◆ **Work to complete**:
Transcribe, exactly and without pictures, the lines below from the line with "Power Generation through Hydrogen Fuel Cells" to the line with "Recombinant Rat DDR1", both ends included, and no others.
*** Opening Study material ***
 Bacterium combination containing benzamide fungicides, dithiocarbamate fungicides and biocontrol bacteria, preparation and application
*** Closing Study material ***
*** Opening Study material ***
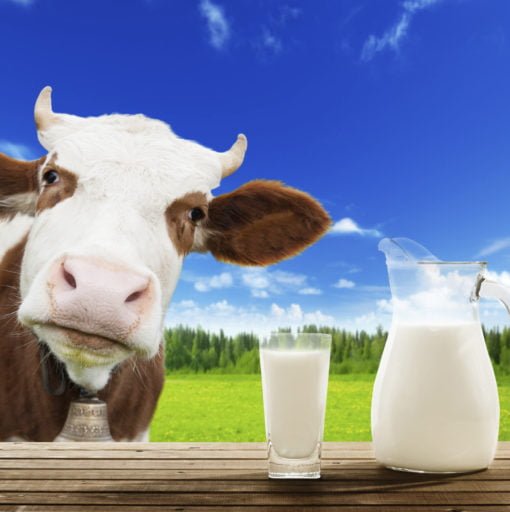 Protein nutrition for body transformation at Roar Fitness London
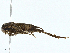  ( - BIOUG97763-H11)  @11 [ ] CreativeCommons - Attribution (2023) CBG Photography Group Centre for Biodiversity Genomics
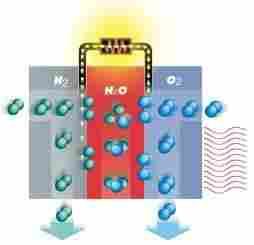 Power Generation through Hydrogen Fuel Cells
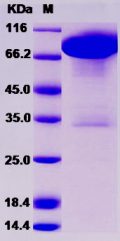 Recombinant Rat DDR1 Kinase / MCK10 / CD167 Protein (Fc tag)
*** Closing Study material ***
*** Opening Study material ***
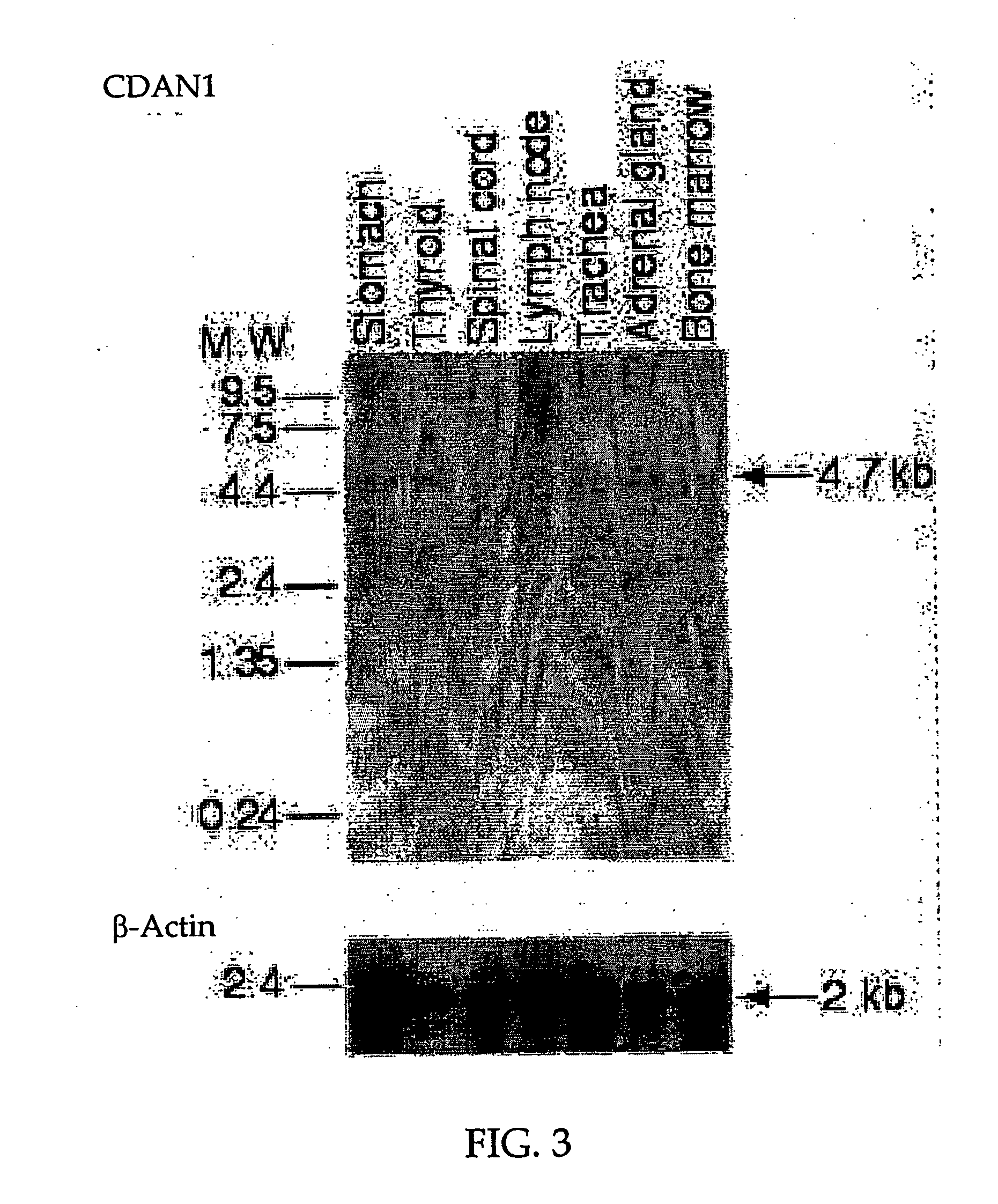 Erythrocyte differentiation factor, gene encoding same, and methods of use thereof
*** Closing Study material ***
◆ **Solution for this problem**:
 Power Generation through Hydrogen Fuel Cells
 Recombinant Rat DDR1 Kinase / MCK10 / CD167 Protein (Fc tag)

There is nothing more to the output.